Bitterblue's eyes locked on Hava, suddenly wondering something. Unsettled, and trying to make a more focused study of Hava's face. "Hava," she said, "who is your father?"
Hava didn't seem to hear. "Lady Queen," she said in a peculiar voice, "who is that person in the courtyard?"
"What?"
"That person," Hava said, pointing, her nose pressed to the window, speaking in the wondering sort of voice that Teddy used when he talked about books.
Joining her carefully at the glass, Bitterblue looked down and saw a sight that was all comfort: Katsa and Po in the courtyard, kissing.
"Katsa," Bitterblue breathed happily.
"Beyond Lady Katsa," said Hava impatiently.
Beyond Katsa was a close-knit group of people that Bitterblue had definitely never seen before.

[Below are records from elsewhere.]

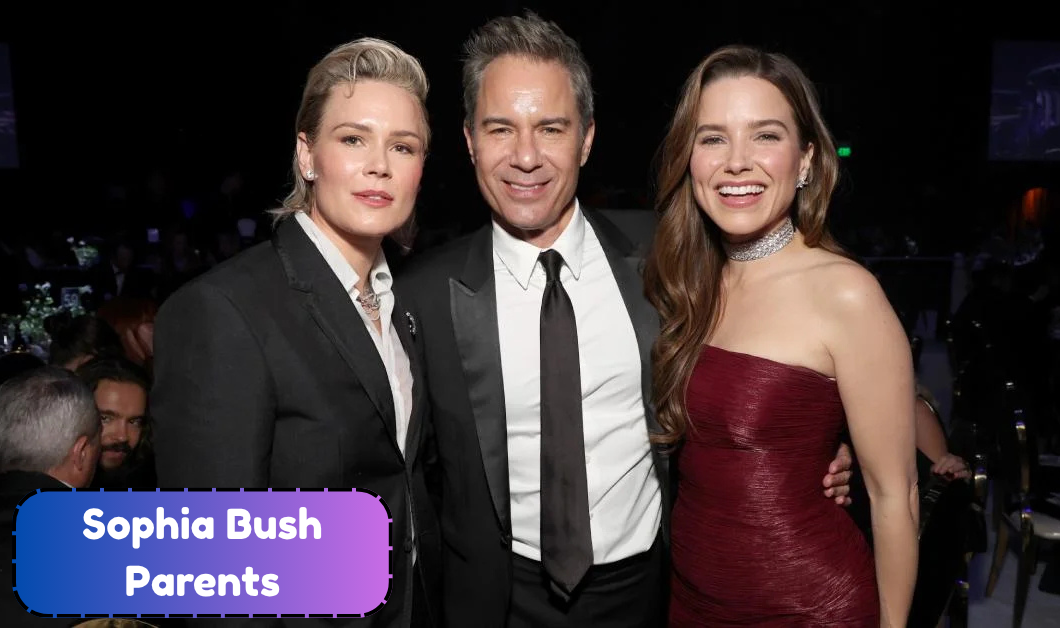 Sophia Bush Parents: Meet Her Father Charles William Bush and Mother Maureen Bush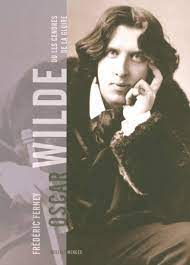 Oscar Wilde, ou, Les cendres de la gloire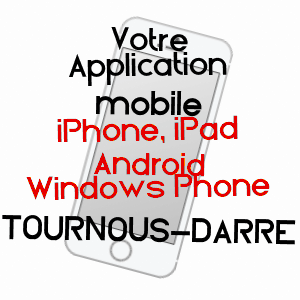 application mobile à TOURNOUS-DARRé / HAUTES-PYRéNéES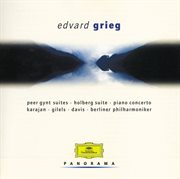 Grieg: peer gynt suites; holberg suites; piano concerto cover image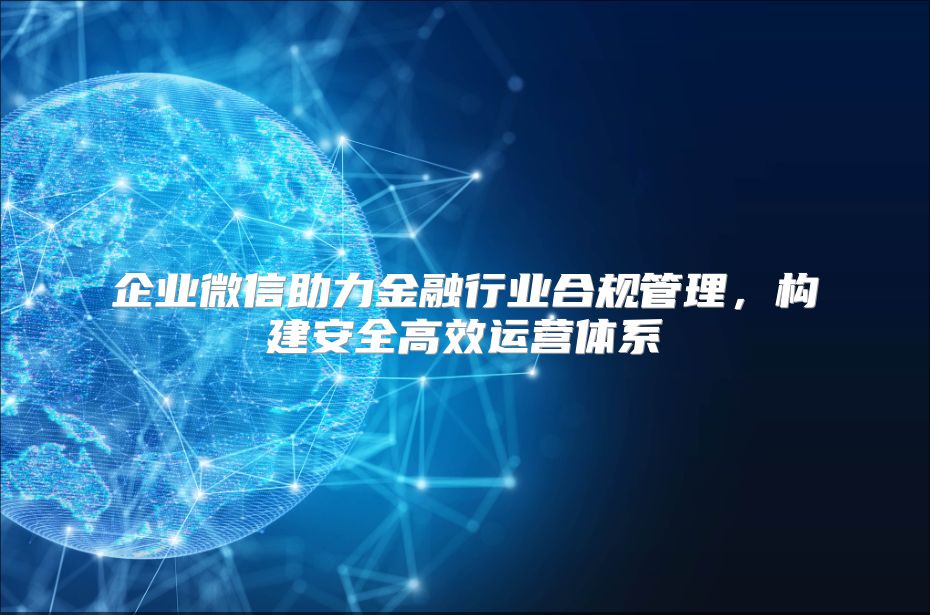 企業(yè)微信助力金融行業(yè)合規(guī)管理，構(gòu)建安全高效運(yùn)營(yíng)體系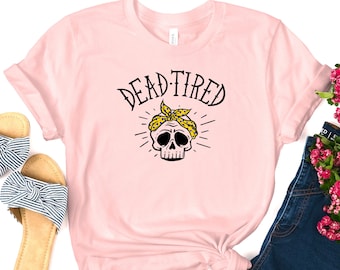 Tired Mom Unique Graphic Tee Shirt Funny Dead Tired Mom Shirt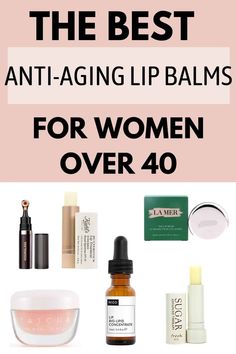 16 Anti-Aging Lip Balms for Women Over 40 -That Actually Work- wizardingbeauty.com Baby Lips, Lip Sleeping Mask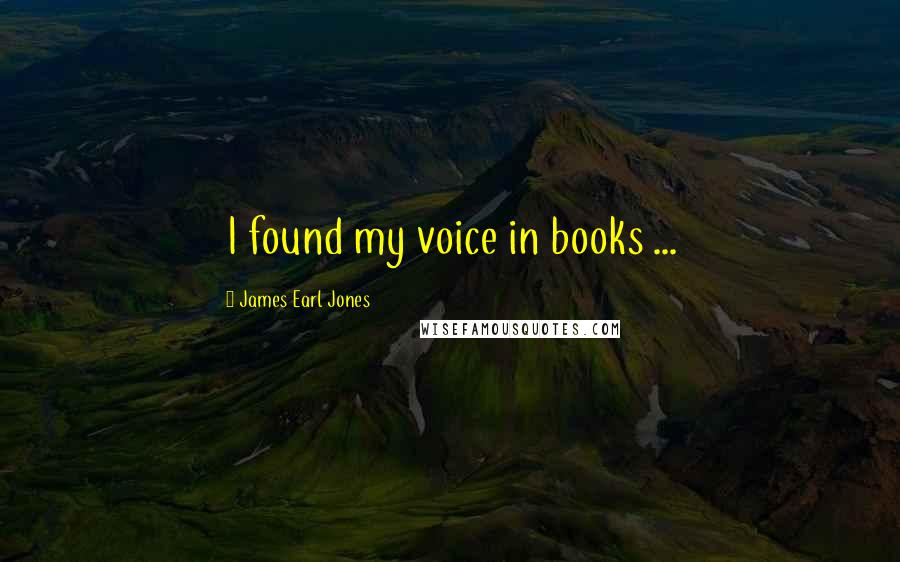 James Earl Jones Quotes: I found my voice in books ...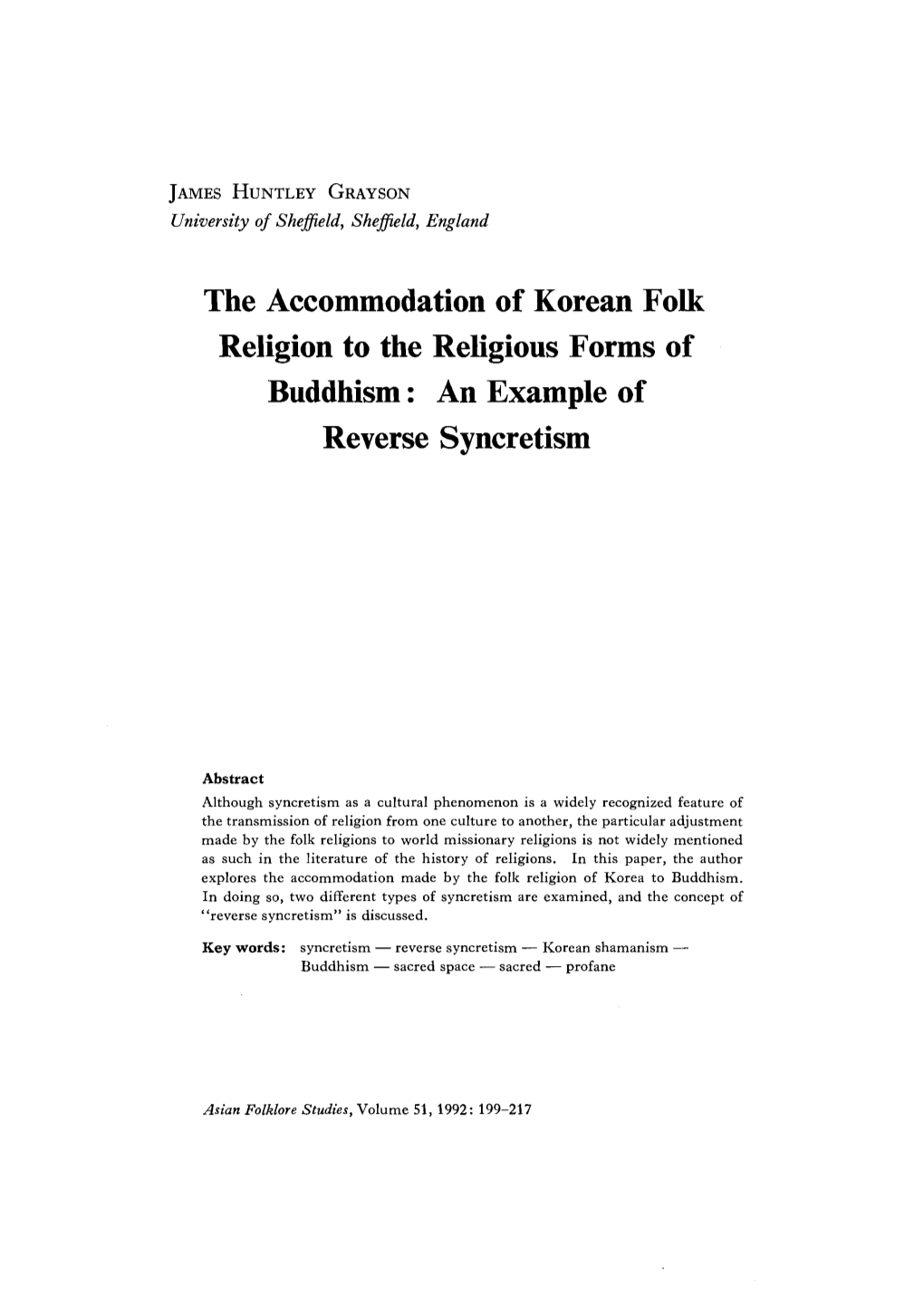 The Accommodation of Korean Folk Religion to the Religious Forms of Buddhism : an Example of Reverse Syncretism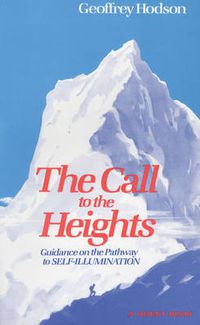 Cover image for The Call to the Heights: Guidance on the Pathway to Self-Illumination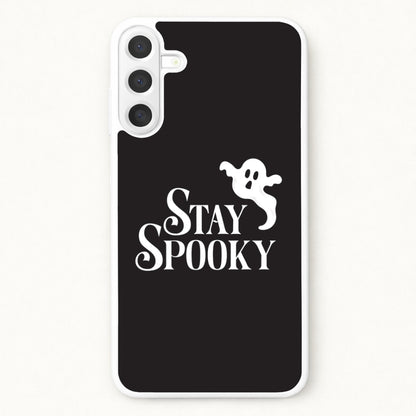 Stay Spooky Phone Case for Galaxy A57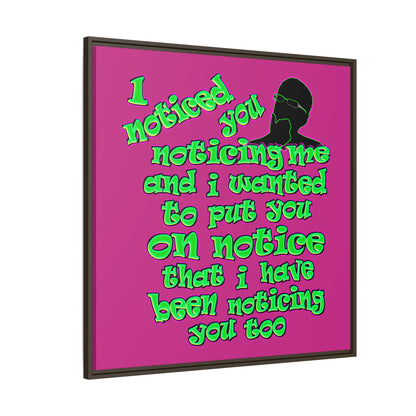 noticed you noticing - framed canvas art (pink)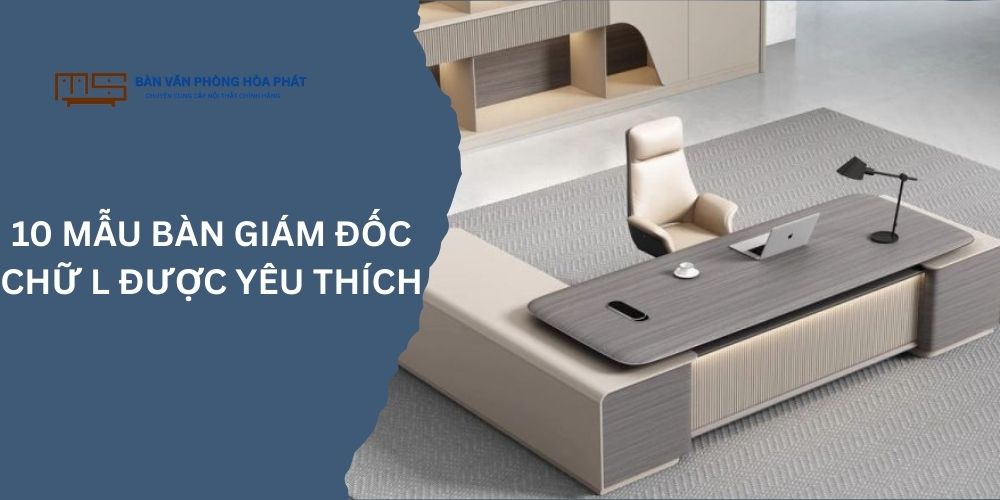Top các mẫu bàn giám đốc chữ L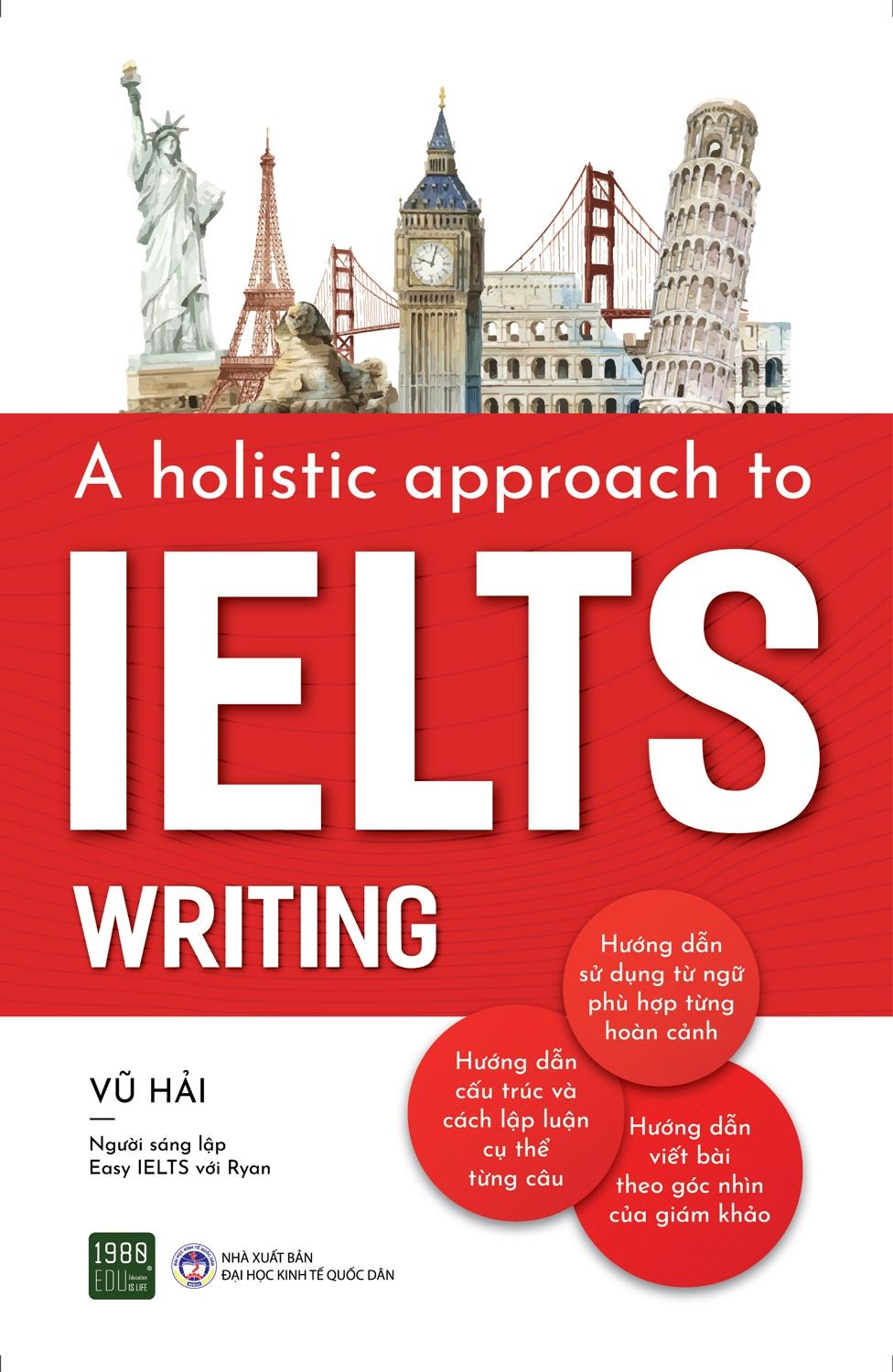 Sách A Holistic Approach To IELTS Writing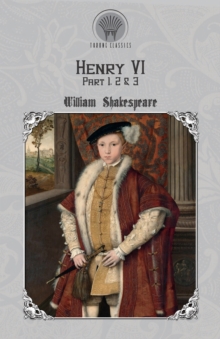 Henry VI, Part 1, 2 & 3, Paperback / softback Book Henry VI, Part 1, 2 & 3, Paperback / softback Book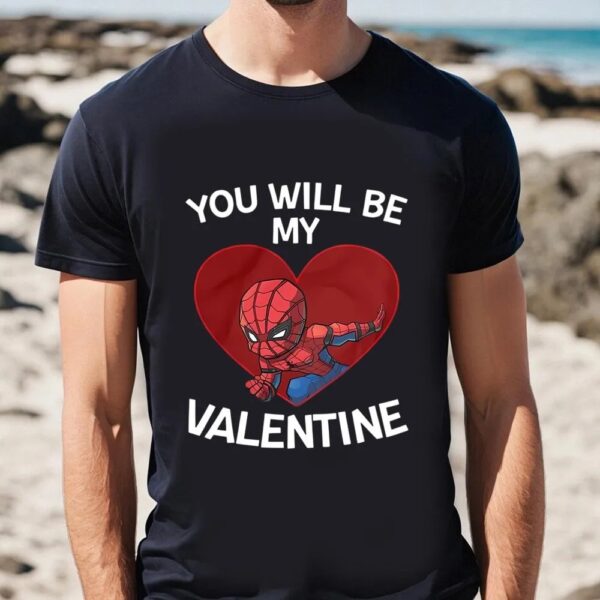 Valentines Womens Shirts, Spiderman You Will Be My Valentine Shirt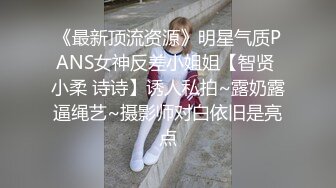 《最新顶流资源》明星气质PANS女神反差小姐姐【智贤 小柔 诗诗】诱人私拍~露奶露逼绳艺~摄影师对白依旧是亮点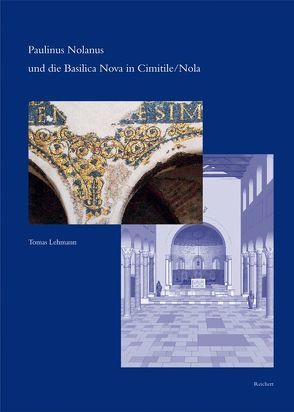 Paulinus Nolanus und die Basilica Nova in Cimitile / Nola von Lehmann,  Tomas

At the edge of the group was a woman, an elderly woman. She leaned against a younger man who stood beside her. Her coat was pale brown fur; the hat on her head was pale brown fur. Her eyes, all at once, rose to meet Bitterblue's in the high gallery window.
Bitterblue needed to see her hair.
Like magic, the woman pulled off her hat and let her hair tumble down, scarlet and gold and pink, streaked with silver.
It was the woman from the hanging in the library, and Bitterblue didn't know why she was crying.
42
THEY WERE FROM a land east of the eastern mountains, called the Dells, and they came in peace. Except that some of them were from a land to the north of the Dells called Pikkia, a land that occasionally bickered with the Dells, but was currently at peace with them—or not? It was hard to follow, because Katsa was explaining it badly and none of them seemed to speak the Monsean language much at all. Bitterblue knew what language they must all speak, but the only words she could remember were cobwebs and monster. And she still seemed to be leaking tears.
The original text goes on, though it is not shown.